# Your set up



## Harley D (Mar 27, 2009)

Well, i have been having a hard time to cut up Bella's meat and finding where to feed her . The only thing I have found where to feed her is the back porch but she just picks her meat out of the bowl And into the dirt it goes. 
Well we have a cement side patio and thinking I might make something out of it later. Problem is finding a way to keep her on it:/

So I got to thinking about asking to see people's set up as far as where they prep their dog food. Then thought why stop there?

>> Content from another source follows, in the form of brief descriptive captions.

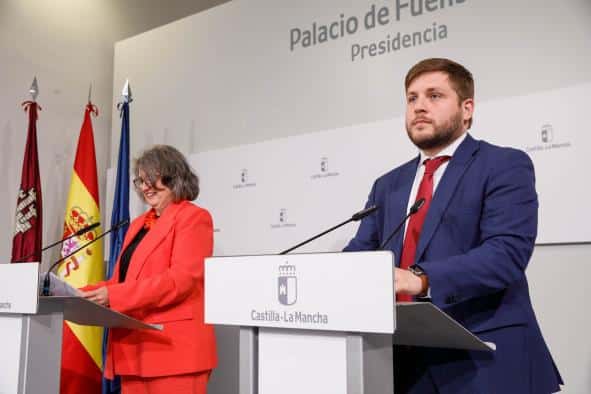 El Gobierno regional asignará más de 7,7 millones de euros para la rehabilitación de carreteras en las cinco provincias y Guadalajara.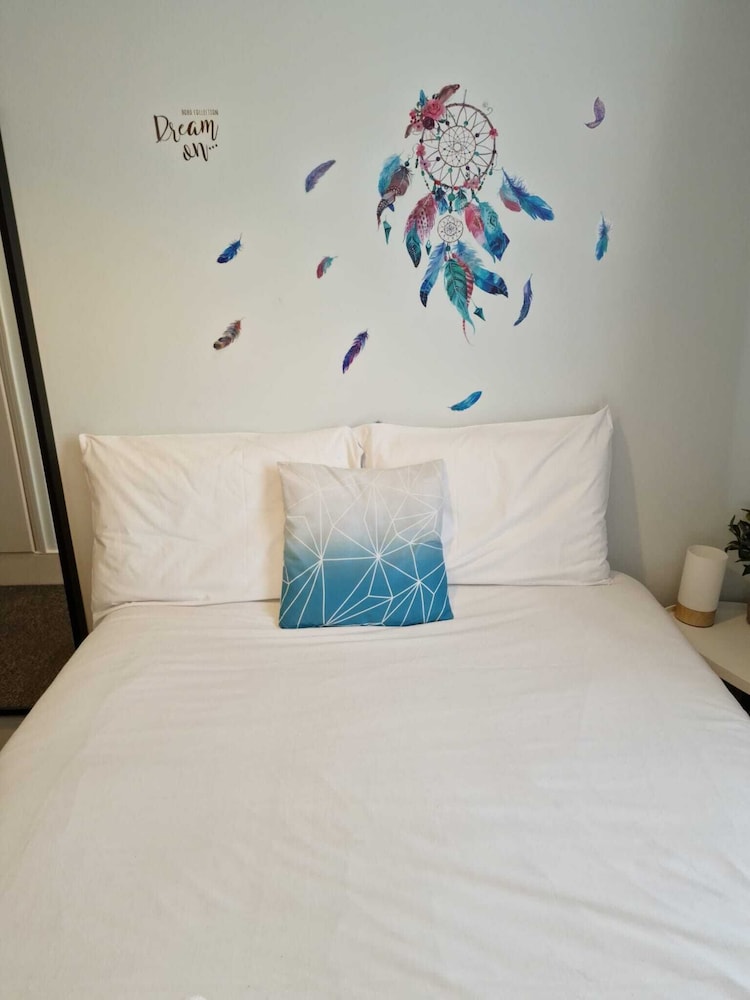 Cozy Double Room (Shared Bathroom) del hotel United Lodge and Apartments. Foto 16
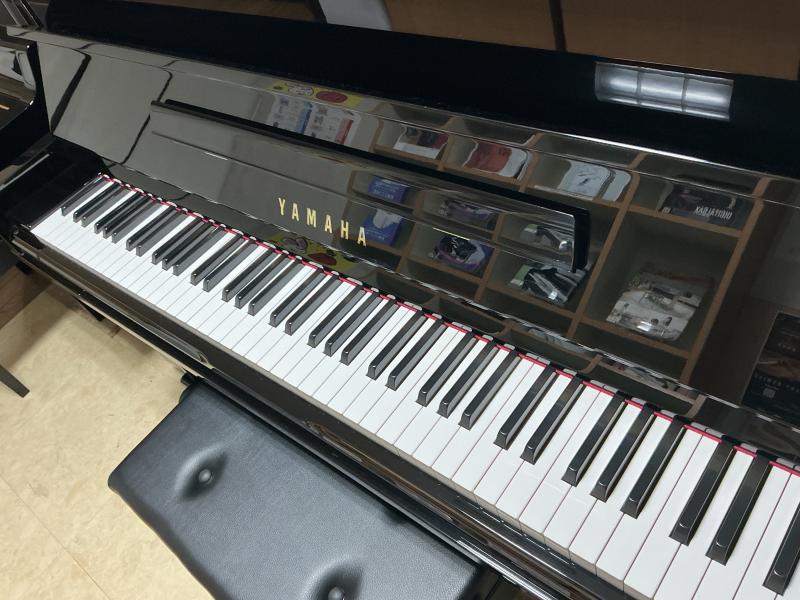 中古 ヤマハ  アップライトピアノ  U10A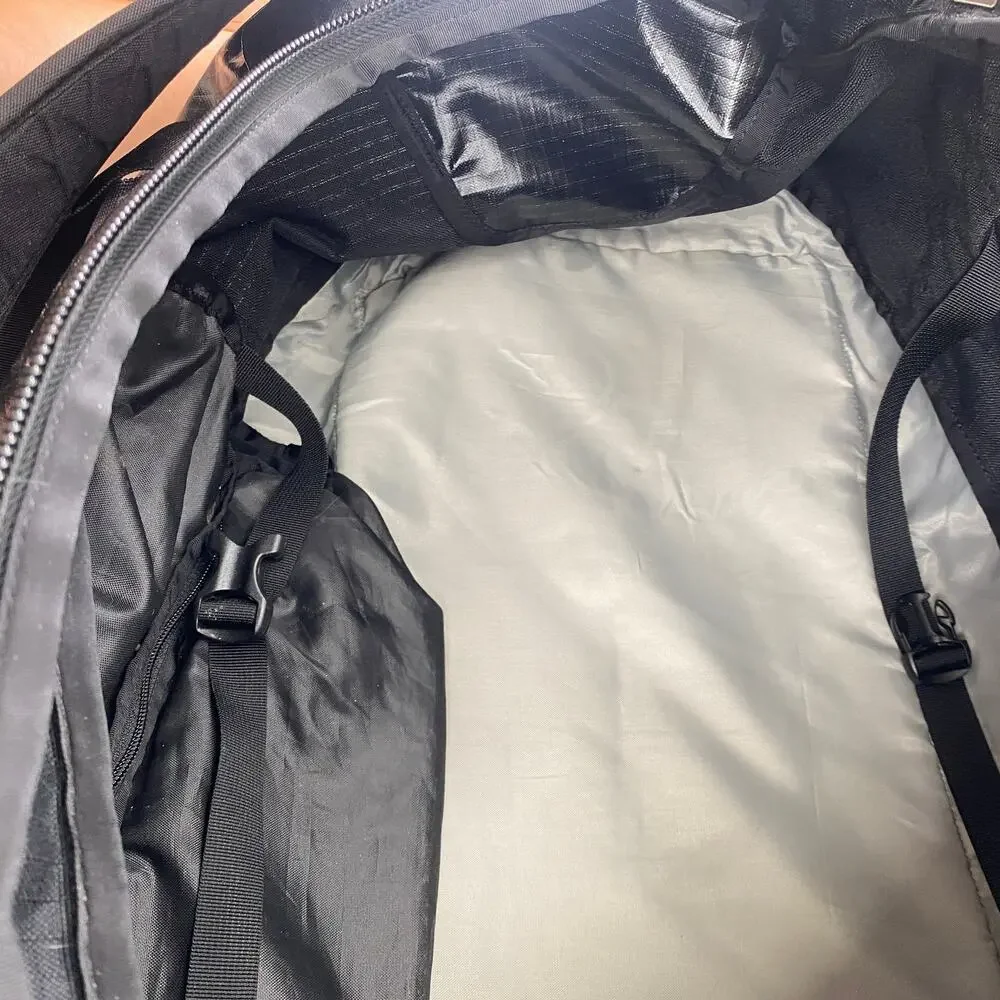 Patagonia Black Hole duffel bag backpack suitcase gym travel 60L liters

So feel free to share your kennel room ideas/set up, and prep area ideas/set up


----------



## texasgame (Oct 4, 2011)

my ideal prep setup would be this, in or beside the kennels preferable less walking. small Shed with power and plummbing a freezer and a fridge as well as a sink deep for washing meat and food bowls. right next and around the sink i would want either a hard plastic type of countertops or wooden cutting blocks all the way around, some cuppboards above for storage and drawers for utiensels. I would also keep the meds and supplements there in one of the cabinets. This is my ideal setup and something im working on now i just finshed my runs and most of the inside work in the dog shed, now the outside needs sanded and stained and then to the next step. the prep shed but for now the grage has been workng, but its a 50 yd walk to the runs and it gets old lol.


----------



## Harley D (Mar 27, 2009)

lol luckly I dont have to walk that far 
I fear that the dirt my old girl intakes isnt good for her, so I have to stand outside and watch her. My cutting area for the meat at the moment in on our cutting board set on a patio table but it has groves in it and the meat gets caught up into the groves. 

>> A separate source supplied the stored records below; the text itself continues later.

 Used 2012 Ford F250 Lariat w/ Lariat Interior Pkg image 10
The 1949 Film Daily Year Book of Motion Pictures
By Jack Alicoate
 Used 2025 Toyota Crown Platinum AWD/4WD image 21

What I want to see down is almost a out door set up next to the hole where the cement is. There is a large gap between the fence in the cement and I want to run, a sort of funnel running off to a bucket like type deal so that it can be picked up and dumped into the sink or toilet. Easy clean up, and bleach out. My problem is that sometimes the blood goes onto the dirt and attracts flies, and the bleach is killing the grass. I would like to see a stainless steel table but with a back to is that way non of the blood or meat gets to close to the fence. I would like the little kennel run type deal to be right next to the door and covered but I dont see that happening due to lack of space and would have to be held across from the door with the table. what I have in mind, I hope my old girl will stay in just enough to eat. we tried the kennel thing before, but that girl broke out every time.


----------



## Nizmo (Jan 15, 2009)

i used to feed nismo his raw diet in the garage


----------



## angelbaby (Feb 4, 2010)

we do prep work in the kitchen 1st if it needs to be cut down then it goes to the freezer and fridge in the garage where its preped into bowls in the morning, then they are fed in there crates which get saitized and cleaned well every other day. wiped out daily though.


----------



## HeavyJeep (May 7, 2011)

throw the stuff in the grass,, a little dirt wont hurt  There wasnt concrete slabs back when they hunted and fed  J/K


----------



## Mach0 (Mar 28, 2010)

I throw mine in a bowl or on the floor. Spray it with floor cleaner/bleach combo and wipe.


----------